_Exercise directions_:
Only one stretch of the data below should be repeated: the lines from the line containing "Ashley Infinity Ring Gold - size 8" through the line containing "Dywan Alpaca Strado", inclusive, exactly as they are.

** Opening Data supplied block **

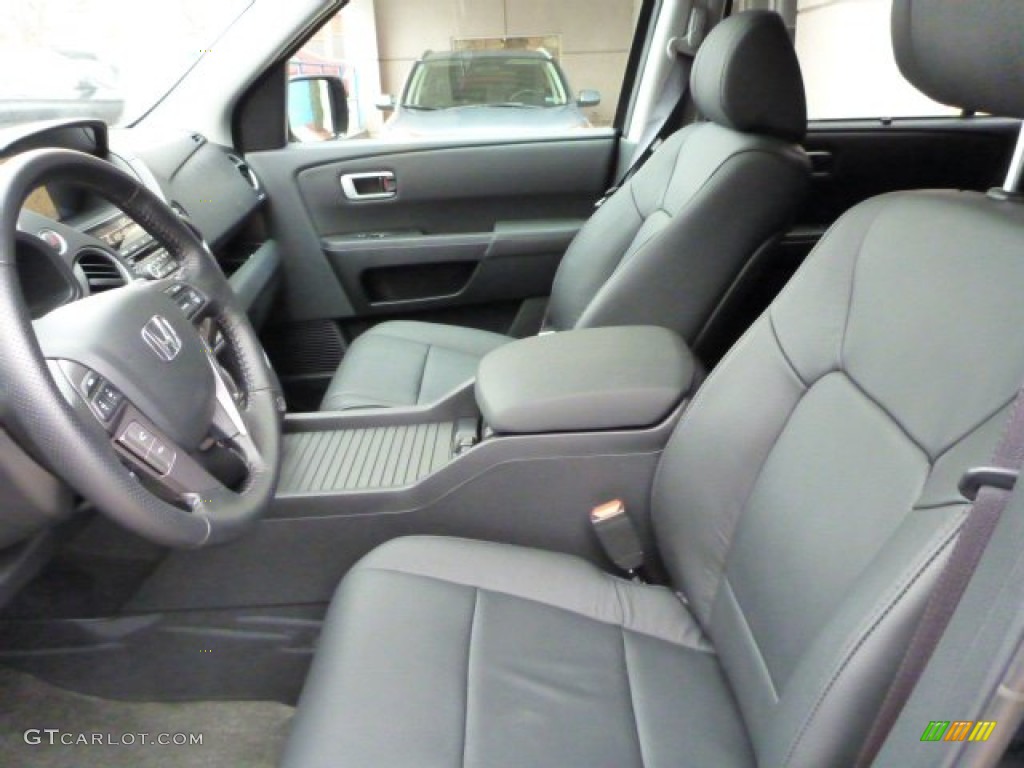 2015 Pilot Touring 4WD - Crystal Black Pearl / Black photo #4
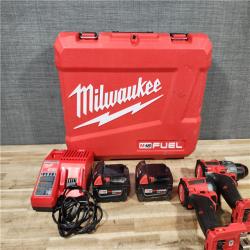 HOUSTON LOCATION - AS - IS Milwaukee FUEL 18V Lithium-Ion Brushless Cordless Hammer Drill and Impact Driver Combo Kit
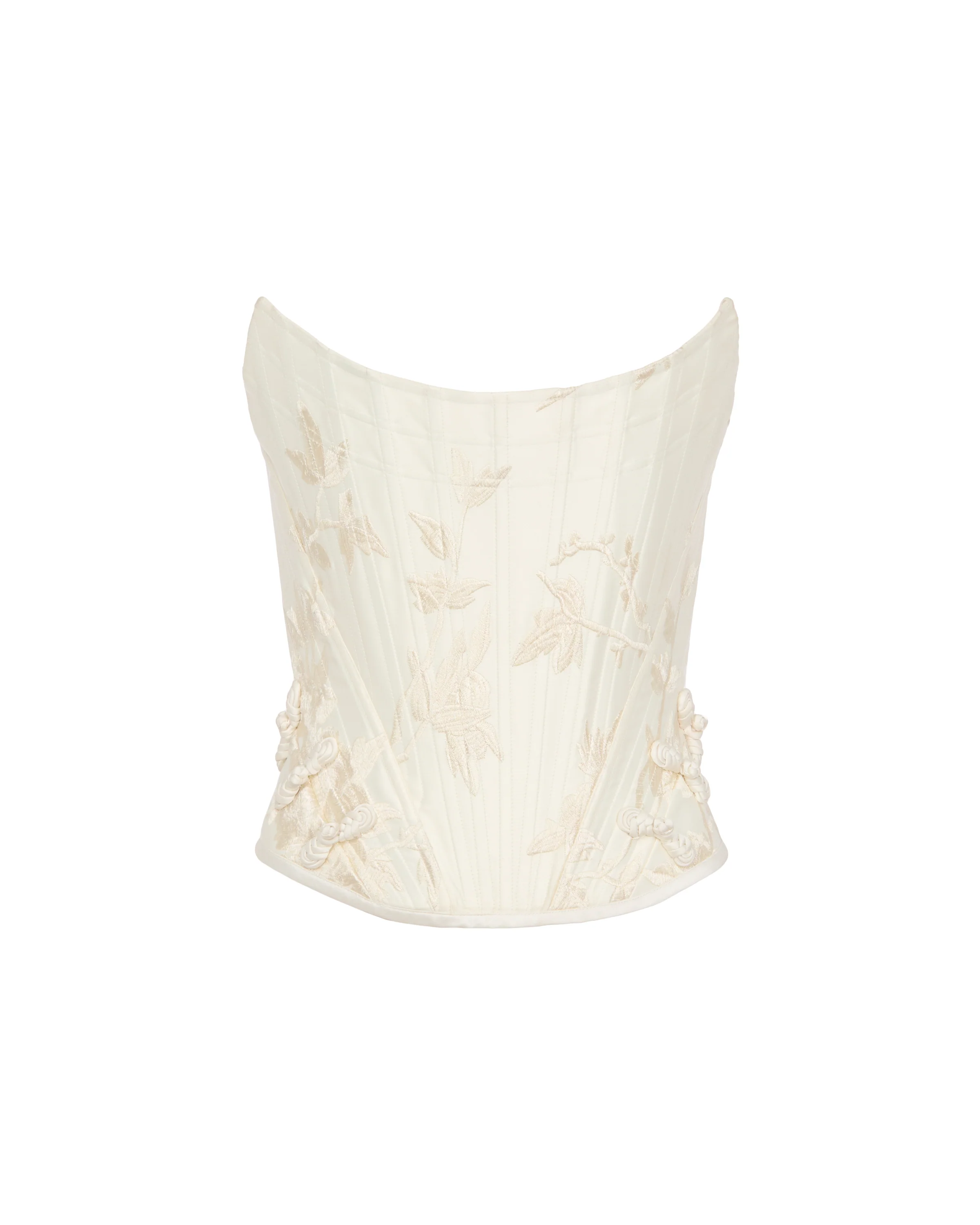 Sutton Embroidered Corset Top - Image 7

** Closing Data supplied block **
** Opening Data supplied block **

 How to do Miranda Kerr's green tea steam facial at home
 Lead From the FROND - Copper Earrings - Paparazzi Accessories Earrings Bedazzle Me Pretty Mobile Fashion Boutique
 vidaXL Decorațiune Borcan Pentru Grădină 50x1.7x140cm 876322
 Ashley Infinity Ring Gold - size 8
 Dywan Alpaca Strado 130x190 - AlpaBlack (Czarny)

** Closing Data supplied block **
** Opening Data supplied block **

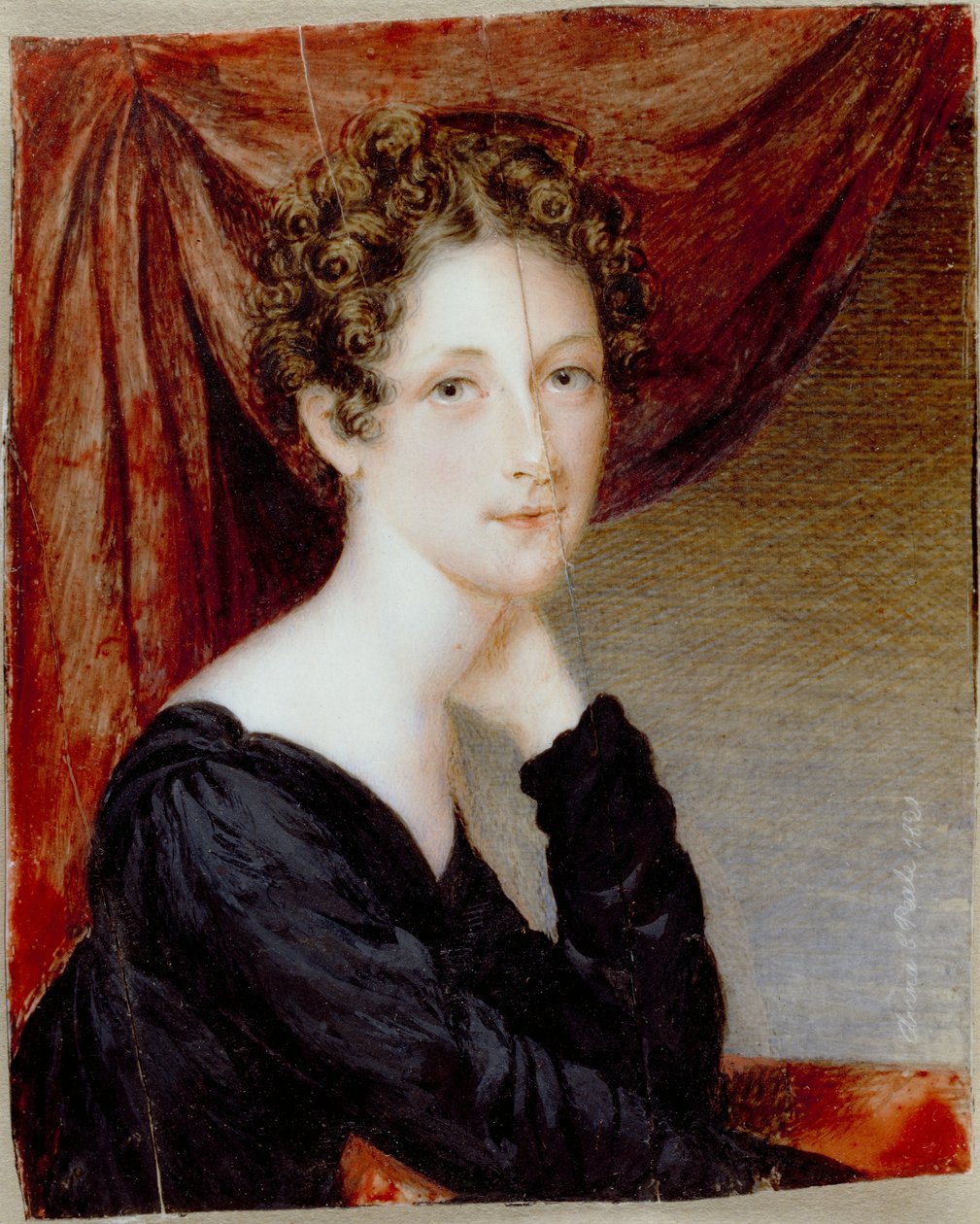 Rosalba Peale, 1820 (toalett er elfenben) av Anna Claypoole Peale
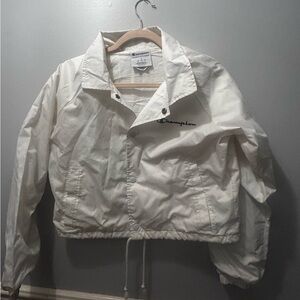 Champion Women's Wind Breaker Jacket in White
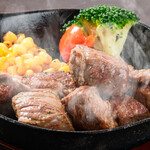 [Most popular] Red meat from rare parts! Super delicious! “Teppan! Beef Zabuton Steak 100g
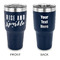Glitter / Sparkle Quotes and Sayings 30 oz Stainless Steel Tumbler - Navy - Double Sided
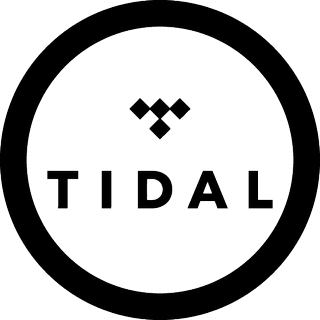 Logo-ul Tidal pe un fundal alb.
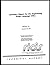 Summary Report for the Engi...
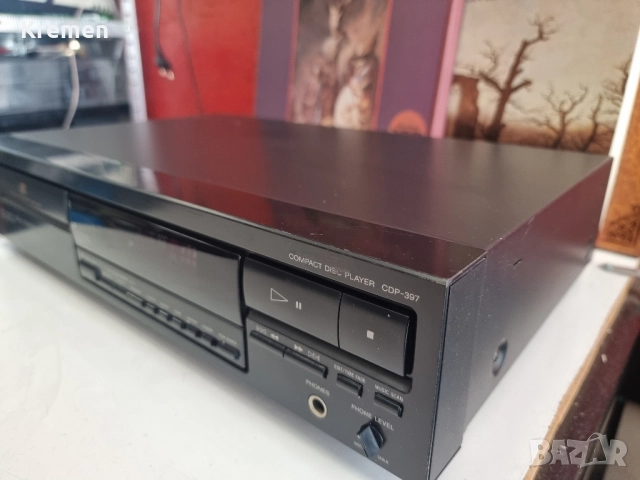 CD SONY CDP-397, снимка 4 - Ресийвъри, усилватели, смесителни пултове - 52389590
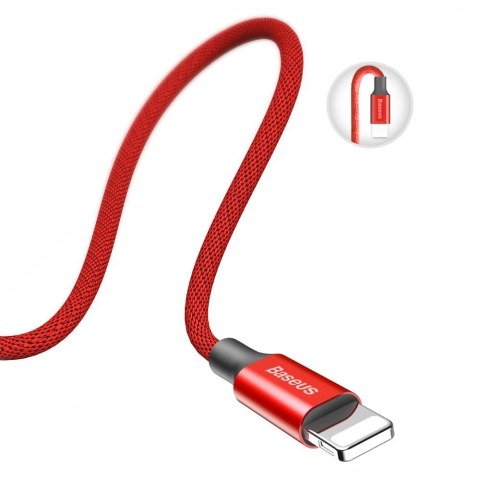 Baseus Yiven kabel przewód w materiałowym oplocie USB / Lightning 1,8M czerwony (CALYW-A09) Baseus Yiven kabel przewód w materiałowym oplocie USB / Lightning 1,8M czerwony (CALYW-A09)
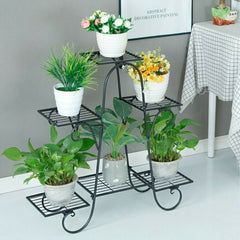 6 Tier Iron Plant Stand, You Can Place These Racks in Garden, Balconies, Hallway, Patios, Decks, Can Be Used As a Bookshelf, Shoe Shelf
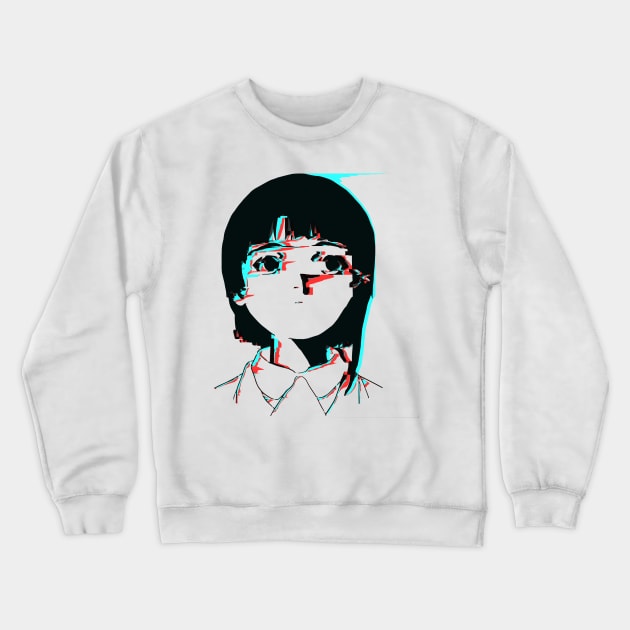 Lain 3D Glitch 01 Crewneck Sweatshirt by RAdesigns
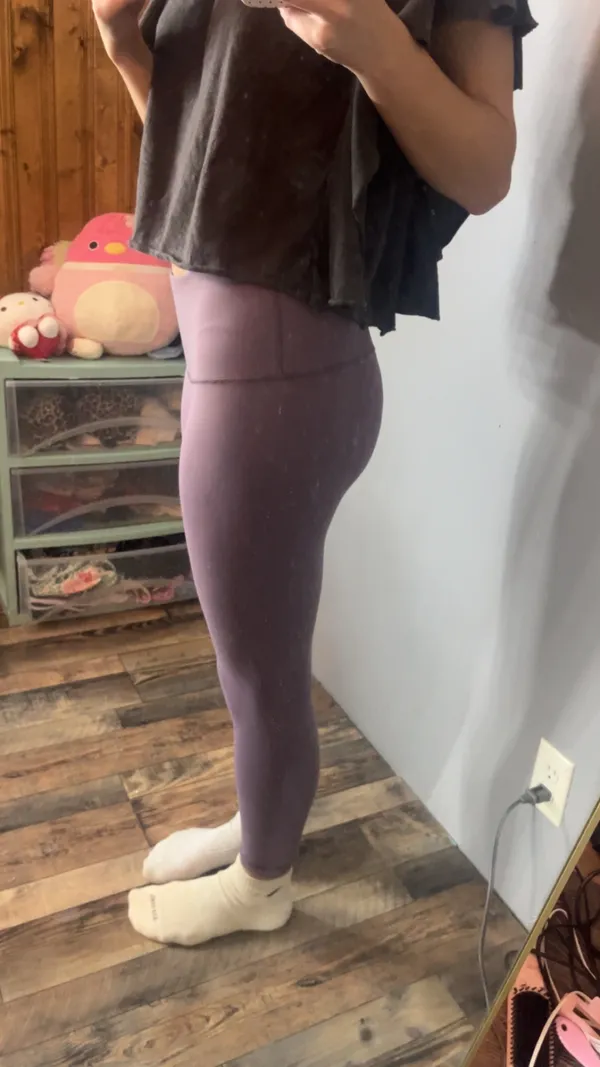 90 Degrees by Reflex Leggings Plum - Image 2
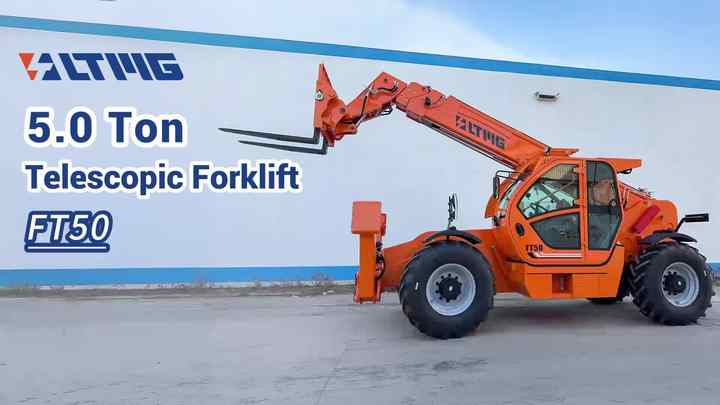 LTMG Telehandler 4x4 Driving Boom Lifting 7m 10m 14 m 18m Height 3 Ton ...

** Closing Data supplied block **

_Written solution_:
 Ashley Infinity Ring Gold - size 8
 Dywan Alpaca Strado 130x190 - AlpaBlack (Czarny)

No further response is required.